$\omega=\dfrac{-ydx+(x-1)dy}{(x-1)^2+y^2}$
Calculate $\int_C\omega$ where $C...r=1+\cos\varphi$ (positively oriented)
I'm still pretty lost when it comes to differential forms but as far as I understand, the form I'm given is actually the change in angle but the origin is shifted to $(1, 0)$. Since the cardioid goes around that point, I think the result should be $2\pi$, right?
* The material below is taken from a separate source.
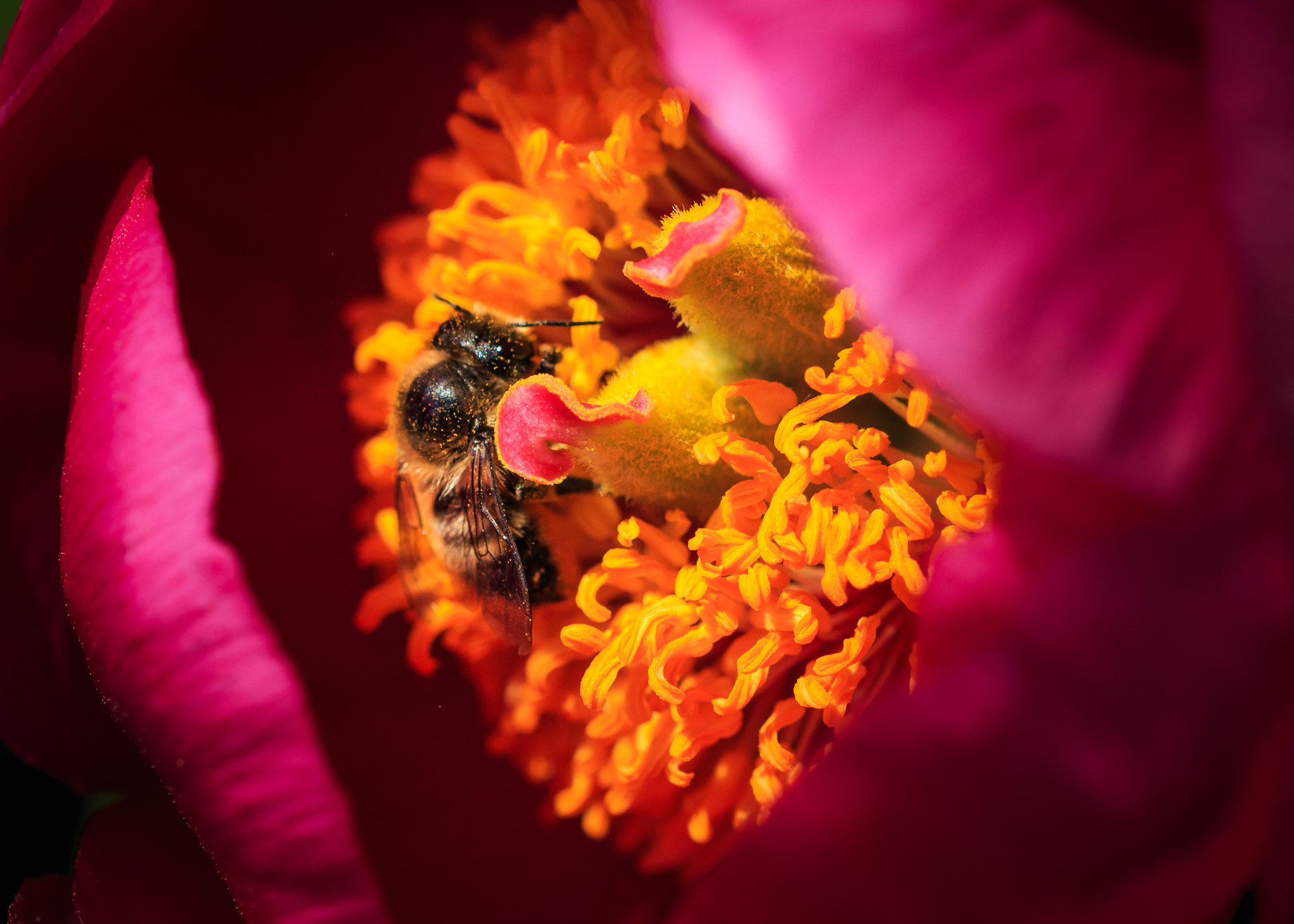 Sigma 105mm F2.8 EX DG OS HSM sample photo. Busy bee photography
If it's true, how can I make it formal?
To solve this integral we will use the "shifted" polar coordinates $(\rho,\phi)$, which can be converted into the Cartesian coordinates $(x,y)$ by using the equations:
$$\begin{cases} \begin{align} x-1&=\rho\cos{\phi},\\ y&=\rho\sin{\phi}. \end{align} \end{cases}$$
For $r\ge0$ and $\phi\in(-\pi,\pi]$, the above pair of equations can be solved for $\rho$ and $\phi$ in terms of $(x,y)$ using the atan2 function:
$$\begin{cases} \rho=\sqrt{(x-1)^2+y^2},\\ \phi=\operatorname{atan2}{(y,x-1)}=2\arctan{\frac{y}{(x-1)+\sqrt{(x-1)^2+y^2}}}. \end{cases}$$
Computing the partial derivatives of the last equation we find that:
$$\begin{cases} \partial_x\phi=\frac{-y}{(x-1)^2+y^2},\\ \partial_y\phi=\frac{x-1}{(x-1)^2+y^2}, \end{cases}$$
and, hence, that the total differential of the angle function $\phi(x,y)$ simply $\omega$:
$$\mathrm{d}\phi=\partial_x\phi\,\mathrm{d}x+\partial_y\phi\,\mathrm{d}y=\frac{-y\,\mathrm{d}x}{(x-1)^2+y^2}+\frac{(x-1)\,\mathrm{d}y}{(x-1)^2+y^2}=\omega.$$
Thus, the line integral we seek is simply:
$$\oint_{C}\omega=\int_{-\pi}^{\pi}\mathrm{d}\phi=\pi-(-\pi)=2\pi$$